Look how much time is spent in kernel/supervisor mode or servicing interrupts.
MONITOR PROCESS/TOPCPU doesn't give you the whole picture, i think it only
accounts for USER MODE TIME !

Some of my old experience with this kind of stuff:

At the place i worked before, we used VAXNET and later KERMIT to connect a
750 to a 780 (we had ordered DECNET with DEUNAs? and ETHERNET, but being in
Europe it tooks 3 or 4 months to deliver it).

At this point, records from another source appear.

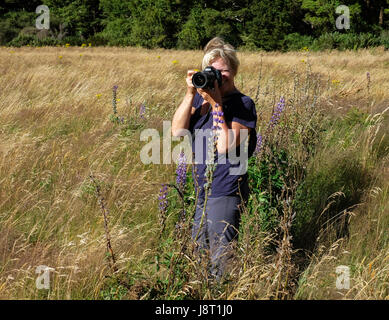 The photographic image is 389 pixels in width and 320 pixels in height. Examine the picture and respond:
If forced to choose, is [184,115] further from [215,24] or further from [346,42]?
[215,24]

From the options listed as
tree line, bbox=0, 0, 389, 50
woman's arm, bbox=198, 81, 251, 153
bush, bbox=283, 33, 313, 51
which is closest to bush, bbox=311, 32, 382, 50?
tree line, bbox=0, 0, 389, 50

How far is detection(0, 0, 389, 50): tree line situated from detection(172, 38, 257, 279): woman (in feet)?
71.0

Most of the time we used it as following: user sits in a room with a (dumb)
terminal connected to the 750. He has to work on the 780, so he connects
to the 780 via a 9600 baud terminal cable, using VAXNET or KERMIT. For a
typical heavy editing session, VAXNET would use MOST OF THE 750 ! It never
really showed up in MONITOR, but the machine would be virtually dead for
lower priority batch jobs, which means that somehow the user is able to
get most of the resources. After getting KERMIT, it would just use around
HALF THE 750 (which we considered much better than before). It is just amazing
how such a simple use as just logically connecting one port to another port
can use most of the resources of a 100,000$ machine (if you use inefficient
software), so we ended up doing the connection in hardware: just swapping the
cables on the terminal whenever someone would have to go to the 780.

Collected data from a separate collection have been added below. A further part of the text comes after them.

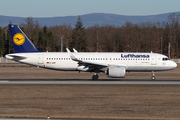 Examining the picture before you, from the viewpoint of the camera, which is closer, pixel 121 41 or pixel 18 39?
pixel 18 39

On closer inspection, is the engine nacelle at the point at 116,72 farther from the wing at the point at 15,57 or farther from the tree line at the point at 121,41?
the tree line at the point at 121,41

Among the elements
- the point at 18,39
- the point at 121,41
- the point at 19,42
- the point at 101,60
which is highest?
the point at 121,41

By the way, after we got DECNET, i tried SET HOST/DTE once, and it worked
really nice, using even less cpu-power than a SET HOST via ETHERNET.
The DECNET link via ETHERNET always seemed to be very reliable (and extremely
user-friendly), but INEFFICIENT.

My typical use was quite perverted: we always had too little disk space
on the 780 (using RP06 drives !), but my monte-carlo program couldn't run
on the 750 (would take too long with such a slow CPU). So, i ended using
the DECNET connection as a "remote disk drive", and it was amazingly slow.
The following figures are for the case of only one batch job (and no heavy
interactive users) on the machine; the program reads a record from one file,
spends something like 30 cpu-seconds grinding it down, and writes a record
to the output file. Running my job with local disks on the 780 i typically
got 70% of the CPU time (the rest goes to NULL), using two tape drives
(MT45?, the old 1600 bpi ones) it was around 40%, and using the disks on
the 750 via DECNET the figure was pretty much like tape drives. In this
case, the NETSERVER on the 750 would typically munch around 20% of the
750 CPU time.

Long live DIGITAL ! I am looking ahead to being connected to a campus-wide
network via TCP/IP, that should be fun to watch.

Ralph Becker-Szendy
University of HAwaii / High Energy Physics Group

Disclaimer: The views expressed here are probably not endorsed by my
employer. I hardly ever actually speak to my employer. Even our system manager
stops smiling when i come by.